From the first line to the last, give the data again exactly.

======

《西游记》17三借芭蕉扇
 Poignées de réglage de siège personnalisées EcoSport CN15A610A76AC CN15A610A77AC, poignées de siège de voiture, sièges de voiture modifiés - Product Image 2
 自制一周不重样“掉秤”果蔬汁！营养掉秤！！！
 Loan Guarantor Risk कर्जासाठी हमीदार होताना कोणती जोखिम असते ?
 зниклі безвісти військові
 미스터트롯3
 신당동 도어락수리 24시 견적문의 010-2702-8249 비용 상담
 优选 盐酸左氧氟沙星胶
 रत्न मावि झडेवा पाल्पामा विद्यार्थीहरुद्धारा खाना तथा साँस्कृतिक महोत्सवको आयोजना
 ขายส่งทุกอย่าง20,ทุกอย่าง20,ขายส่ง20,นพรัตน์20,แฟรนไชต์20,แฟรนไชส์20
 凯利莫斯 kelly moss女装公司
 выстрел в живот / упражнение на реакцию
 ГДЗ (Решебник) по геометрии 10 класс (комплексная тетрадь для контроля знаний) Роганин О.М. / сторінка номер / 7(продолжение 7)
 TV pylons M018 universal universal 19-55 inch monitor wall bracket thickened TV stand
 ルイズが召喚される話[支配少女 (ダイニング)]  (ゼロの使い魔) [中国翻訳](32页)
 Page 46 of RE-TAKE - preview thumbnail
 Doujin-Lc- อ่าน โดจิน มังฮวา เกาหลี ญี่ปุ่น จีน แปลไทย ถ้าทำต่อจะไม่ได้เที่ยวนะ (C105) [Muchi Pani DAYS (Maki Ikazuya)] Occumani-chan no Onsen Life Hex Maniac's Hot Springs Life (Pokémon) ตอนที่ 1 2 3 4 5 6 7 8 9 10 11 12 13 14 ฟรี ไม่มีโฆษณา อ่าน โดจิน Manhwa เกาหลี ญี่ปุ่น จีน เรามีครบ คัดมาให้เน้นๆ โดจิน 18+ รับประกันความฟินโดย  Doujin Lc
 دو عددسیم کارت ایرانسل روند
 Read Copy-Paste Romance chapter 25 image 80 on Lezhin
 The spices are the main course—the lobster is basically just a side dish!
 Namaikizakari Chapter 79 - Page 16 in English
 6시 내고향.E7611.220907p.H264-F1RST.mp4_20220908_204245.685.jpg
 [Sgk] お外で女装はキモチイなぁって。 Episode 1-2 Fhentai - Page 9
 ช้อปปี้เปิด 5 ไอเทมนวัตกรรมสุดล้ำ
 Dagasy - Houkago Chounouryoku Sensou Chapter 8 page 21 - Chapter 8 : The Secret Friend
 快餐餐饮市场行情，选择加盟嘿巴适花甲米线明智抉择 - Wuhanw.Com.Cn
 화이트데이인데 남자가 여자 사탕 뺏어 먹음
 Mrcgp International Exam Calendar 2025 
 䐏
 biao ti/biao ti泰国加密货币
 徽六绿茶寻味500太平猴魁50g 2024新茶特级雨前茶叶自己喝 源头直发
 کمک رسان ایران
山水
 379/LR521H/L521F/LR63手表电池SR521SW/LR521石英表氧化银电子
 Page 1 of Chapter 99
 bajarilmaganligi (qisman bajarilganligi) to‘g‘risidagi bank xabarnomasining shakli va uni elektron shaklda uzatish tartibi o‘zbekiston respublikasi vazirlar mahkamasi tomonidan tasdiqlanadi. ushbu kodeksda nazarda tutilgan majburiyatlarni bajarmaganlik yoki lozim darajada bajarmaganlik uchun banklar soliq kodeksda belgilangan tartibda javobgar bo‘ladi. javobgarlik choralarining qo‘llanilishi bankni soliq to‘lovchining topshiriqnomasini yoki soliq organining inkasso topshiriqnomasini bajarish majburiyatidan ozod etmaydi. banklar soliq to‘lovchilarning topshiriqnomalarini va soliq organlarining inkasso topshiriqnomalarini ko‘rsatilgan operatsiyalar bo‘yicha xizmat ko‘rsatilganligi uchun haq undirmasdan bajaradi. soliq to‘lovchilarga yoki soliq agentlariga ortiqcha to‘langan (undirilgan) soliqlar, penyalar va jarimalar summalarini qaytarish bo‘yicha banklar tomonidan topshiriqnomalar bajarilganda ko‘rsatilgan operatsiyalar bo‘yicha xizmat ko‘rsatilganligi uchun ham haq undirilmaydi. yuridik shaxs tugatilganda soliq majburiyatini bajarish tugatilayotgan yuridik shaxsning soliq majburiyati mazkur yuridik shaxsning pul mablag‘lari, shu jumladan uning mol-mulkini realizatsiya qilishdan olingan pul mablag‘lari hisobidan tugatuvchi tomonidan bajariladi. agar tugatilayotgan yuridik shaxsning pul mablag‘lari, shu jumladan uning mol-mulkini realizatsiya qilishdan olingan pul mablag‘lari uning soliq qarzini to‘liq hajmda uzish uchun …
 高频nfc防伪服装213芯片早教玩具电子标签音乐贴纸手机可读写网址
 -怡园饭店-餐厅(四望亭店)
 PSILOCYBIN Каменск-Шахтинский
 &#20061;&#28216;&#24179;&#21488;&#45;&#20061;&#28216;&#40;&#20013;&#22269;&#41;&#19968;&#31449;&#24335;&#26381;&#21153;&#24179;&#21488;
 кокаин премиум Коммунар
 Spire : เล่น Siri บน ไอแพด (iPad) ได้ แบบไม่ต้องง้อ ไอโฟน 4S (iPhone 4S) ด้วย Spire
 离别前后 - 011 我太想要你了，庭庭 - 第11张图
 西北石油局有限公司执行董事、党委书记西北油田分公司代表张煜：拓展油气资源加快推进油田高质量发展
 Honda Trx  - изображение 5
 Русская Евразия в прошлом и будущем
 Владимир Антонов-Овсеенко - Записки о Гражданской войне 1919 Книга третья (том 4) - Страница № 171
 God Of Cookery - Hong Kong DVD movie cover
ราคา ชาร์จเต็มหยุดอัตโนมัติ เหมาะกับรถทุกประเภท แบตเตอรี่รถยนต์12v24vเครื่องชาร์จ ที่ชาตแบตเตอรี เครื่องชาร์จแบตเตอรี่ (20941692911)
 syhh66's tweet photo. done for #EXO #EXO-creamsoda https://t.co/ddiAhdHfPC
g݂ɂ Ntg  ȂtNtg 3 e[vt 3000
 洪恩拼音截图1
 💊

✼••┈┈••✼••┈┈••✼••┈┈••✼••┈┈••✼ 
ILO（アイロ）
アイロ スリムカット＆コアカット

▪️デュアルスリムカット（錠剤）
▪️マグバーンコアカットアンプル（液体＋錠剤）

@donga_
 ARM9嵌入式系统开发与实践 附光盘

======

#### Answer to the problem
《西游记》17三借芭蕉扇
 Poignées de réglage de siège personnalisées EcoSport CN15A610A76AC CN15A610A77AC, poignées de siège de voiture, sièges de voiture modifiés - Product Image 2
 自制一周不重样“掉秤”果蔬汁！营养掉秤！！！
 Loan Guarantor Risk कर्जासाठी हमीदार होताना कोणती जोखिम असते ?
 зниклі безвісти військові
 미스터트롯3
 신당동 도어락수리 24시 견적문의 010-2702-8249 비용 상담
 优选 盐酸左氧氟沙星胶
 रत्न मावि झडेवा पाल्पामा विद्यार्थीहरुद्धारा खाना तथा साँस्कृतिक महोत्सवको आयोजना
 ขายส่งทุกอย่าง20,ทุกอย่าง20,ขายส่ง20,นพรัตน์20,แฟรนไชต์20,แฟรนไชส์20
 凯利莫斯 kelly moss女装公司
 выстрел в живот / упражнение на реакцию
 ГДЗ (Решебник) по геометрии 10 класс (комплексная тетрадь для контроля знаний) Роганин О.М. / сторінка номер / 7(продолжение 7)
 TV pylons M018 universal universal 19-55 inch monitor wall bracket thickened TV stand
 ルイズが召喚される話[支配少女 (ダイニング)]  (ゼロの使い魔) [中国翻訳](32页)
 Page 46 of RE-TAKE - preview thumbnail
 Doujin-Lc- อ่าน โดจิน มังฮวา เกาหลี ญี่ปุ่น จีน แปลไทย ถ้าทำต่อจะไม่ได้เที่ยวนะ (C105) [Muchi Pani DAYS (Maki Ikazuya)] Occumani-chan no Onsen Life Hex Maniac's Hot Springs Life (Pokémon) ตอนที่ 1 2 3 4 5 6 7 8 9 10 11 12 13 14 ฟรี ไม่มีโฆษณา อ่าน โดจิน Manhwa เกาหลี ญี่ปุ่น จีน เรามีครบ คัดมาให้เน้นๆ โดจิน 18+ รับประกันความฟินโดย  Doujin Lc
 دو عددسیم کارت ایرانسل روند
 Read Copy-Paste Romance chapter 25 image 80 on Lezhin
 The spices are the main course—the lobster is basically just a side dish!
 Namaikizakari Chapter 79 - Page 16 in English
 6시 내고향.E7611.220907p.H264-F1RST.mp4_20220908_204245.685.jpg
 [Sgk] お外で女装はキモチイなぁって。 Episode 1-2 Fhentai - Page 9
 ช้อปปี้เปิด 5 ไอเทมนวัตกรรมสุดล้ำ
 Dagasy - Houkago Chounouryoku Sensou Chapter 8 page 21 - Chapter 8 : The Secret Friend
 快餐餐饮市场行情，选择加盟嘿巴适花甲米线明智抉择 - Wuhanw.Com.Cn
 화이트데이인데 남자가 여자 사탕 뺏어 먹음
 Mrcgp International Exam Calendar 2025 
 䐏
 biao ti/biao ti泰国加密货币
 徽六绿茶寻味500太平猴魁50g 2024新茶特级雨前茶叶自己喝 源头直发
 کمک رسان ایران
山水
 379/LR521H/L521F/LR63手表电池SR521SW/LR521石英表氧化银电子
 Page 1 of Chapter 99
 bajarilmaganligi (qisman bajarilganligi) to‘g‘risidagi bank xabarnomasining shakli va uni elektron shaklda uzatish tartibi o‘zbekiston respublikasi vazirlar mahkamasi tomonidan tasdiqlanadi. ushbu kodeksda nazarda tutilgan majburiyatlarni bajarmaganlik yoki lozim darajada bajarmaganlik uchun banklar soliq kodeksda belgilangan tartibda javobgar bo‘ladi. javobgarlik choralarining qo‘llanilishi bankni soliq to‘lovchining topshiriqnomasini yoki soliq organining inkasso topshiriqnomasini bajarish majburiyatidan ozod etmaydi. banklar soliq to‘lovchilarning topshiriqnomalarini va soliq organlarining inkasso topshiriqnomalarini ko‘rsatilgan operatsiyalar bo‘yicha xizmat ko‘rsatilganligi uchun haq undirmasdan bajaradi. soliq to‘lovchilarga yoki soliq agentlariga ortiqcha to‘langan (undirilgan) soliqlar, penyalar va jarimalar summalarini qaytarish bo‘yicha banklar tomonidan topshiriqnomalar bajarilganda ko‘rsatilgan operatsiyalar bo‘yicha xizmat ko‘rsatilganligi uchun ham haq undirilmaydi. yuridik shaxs tugatilganda soliq majburiyatini bajarish tugatilayotgan yuridik shaxsning soliq majburiyati mazkur yuridik shaxsning pul mablag‘lari, shu jumladan uning mol-mulkini realizatsiya qilishdan olingan pul mablag‘lari hisobidan tugatuvchi tomonidan bajariladi. agar tugatilayotgan yuridik shaxsning pul mablag‘lari, shu jumladan uning mol-mulkini realizatsiya qilishdan olingan pul mablag‘lari uning soliq qarzini to‘liq hajmda uzish uchun …
 高频nfc防伪服装213芯片早教玩具电子标签音乐贴纸手机可读写网址
 -怡园饭店-餐厅(四望亭店)
 PSILOCYBIN Каменск-Шахтинский
 &#20061;&#28216;&#24179;&#21488;&#45;&#20061;&#28216;&#40;&#20013;&#22269;&#41;&#19968;&#31449;&#24335;&#26381;&#21153;&#24179;&#21488;
 кокаин премиум Коммунар
 Spire : เล่น Siri บน ไอแพด (iPad) ได้ แบบไม่ต้องง้อ ไอโฟน 4S (iPhone 4S) ด้วย Spire
 离别前后 - 011 我太想要你了，庭庭 - 第11张图
 西北石油局有限公司执行董事、党委书记西北油田分公司代表张煜：拓展油气资源加快推进油田高质量发展
 Honda Trx  - изображение 5
 Русская Евразия в прошлом и будущем
 Владимир Антонов-Овсеенко - Записки о Гражданской войне 1919 Книга третья (том 4) - Страница № 171
 God Of Cookery - Hong Kong DVD movie cover
ราคา ชาร์จเต็มหยุดอัตโนมัติ เหมาะกับรถทุกประเภท แบตเตอรี่รถยนต์12v24vเครื่องชาร์จ ที่ชาตแบตเตอรี เครื่องชาร์จแบตเตอรี่ (20941692911)
 syhh66's tweet photo. done for #EXO #EXO-creamsoda https://t.co/ddiAhdHfPC
g݂ɂ Ntg  ȂtNtg 3 e[vt 3000
 洪恩拼音截图1
 💊

✼••┈┈••✼••┈┈••✼••┈┈••✼••┈┈••✼ 
ILO（アイロ）
アイロ スリムカット＆コアカット

▪️デュアルスリムカット（錠剤）
▪️マグバーンコアカットアンプル（液体＋錠剤）

@donga_
 ARM9嵌入式系统开发与实践 附光盘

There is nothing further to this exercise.